The listing below is to be copied exactly, with pictures excluded.

• **THE DATA**:
[Start of section]

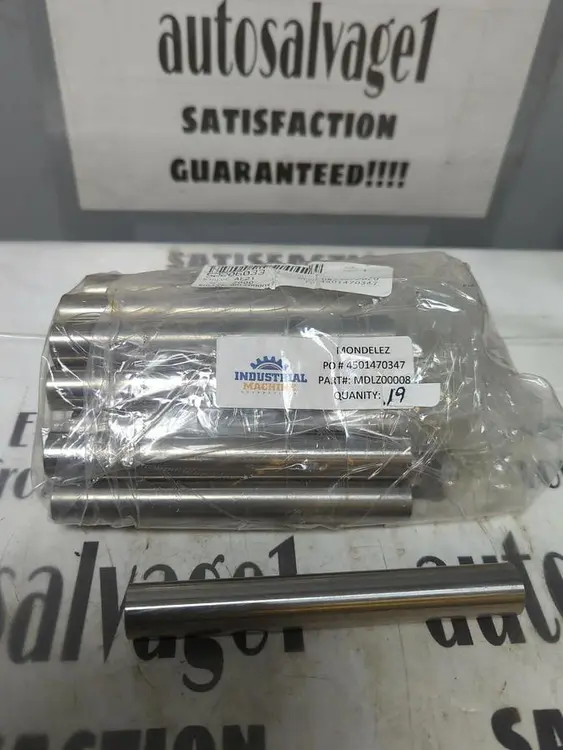 New | in-Stock MONDELEZ MDL200008 Conveyors Ohio US | Surplus Asset Holdings #1243761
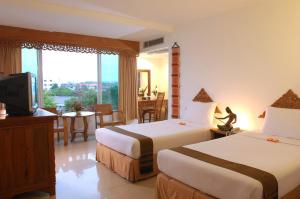 Bansabai Hostelling International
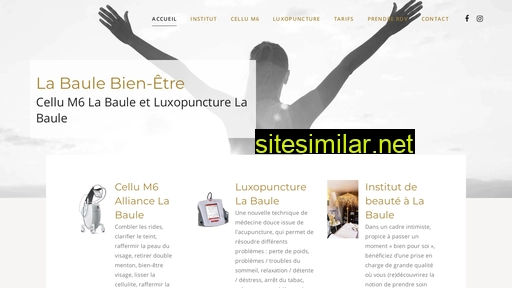labaule-bienetre.fr alternative sites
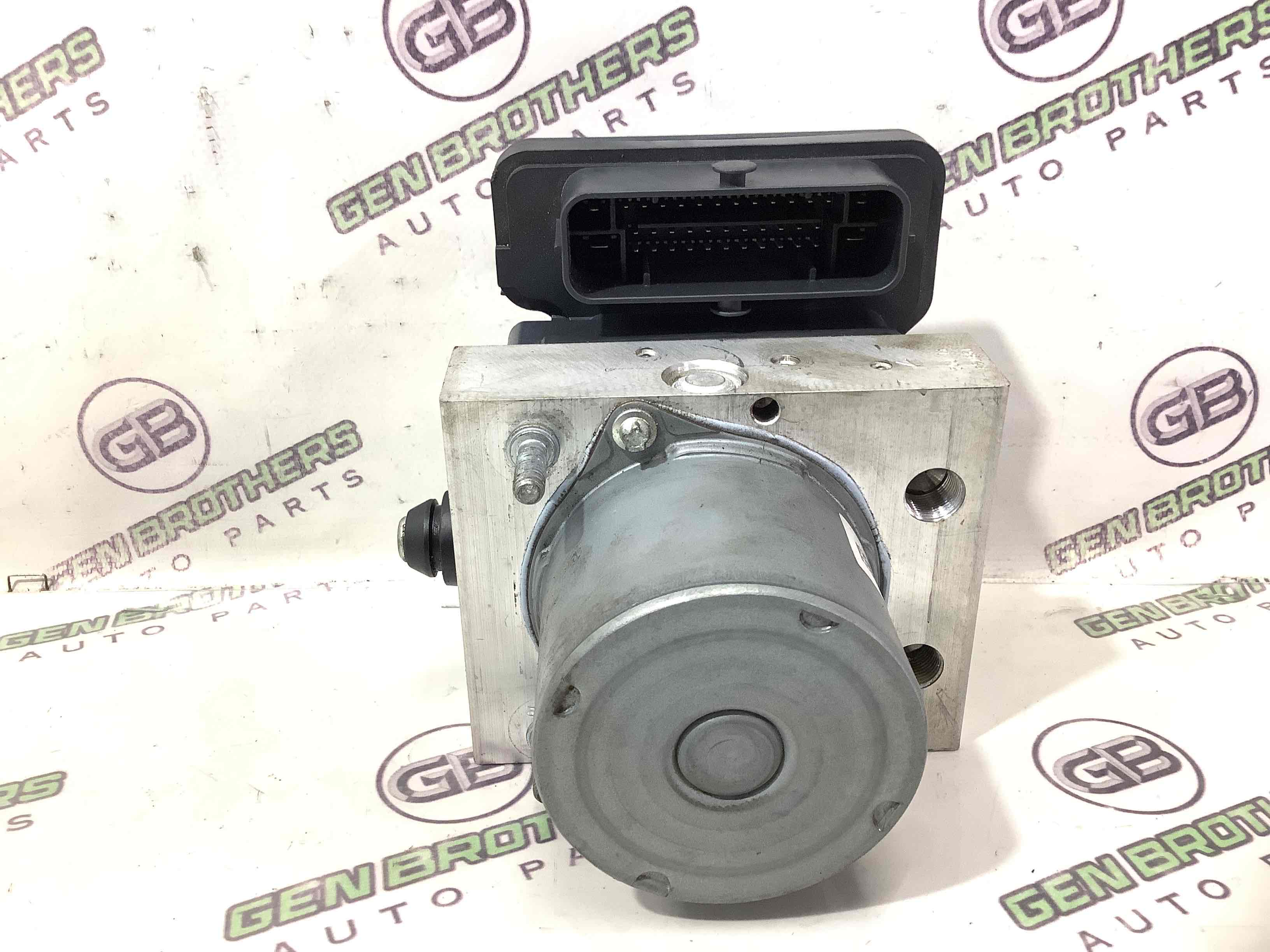 Блок ABS, модуль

[End of section]

• **PROBLEM SOLUTION**:
 New | in-Stock MONDELEZ MDL200008 Conveyors Ohio US | Surplus Asset Holdings #1243761
 Bansabai Hostelling International
labaule-bienetre.fr alternative sites
 Блок ABS, модуль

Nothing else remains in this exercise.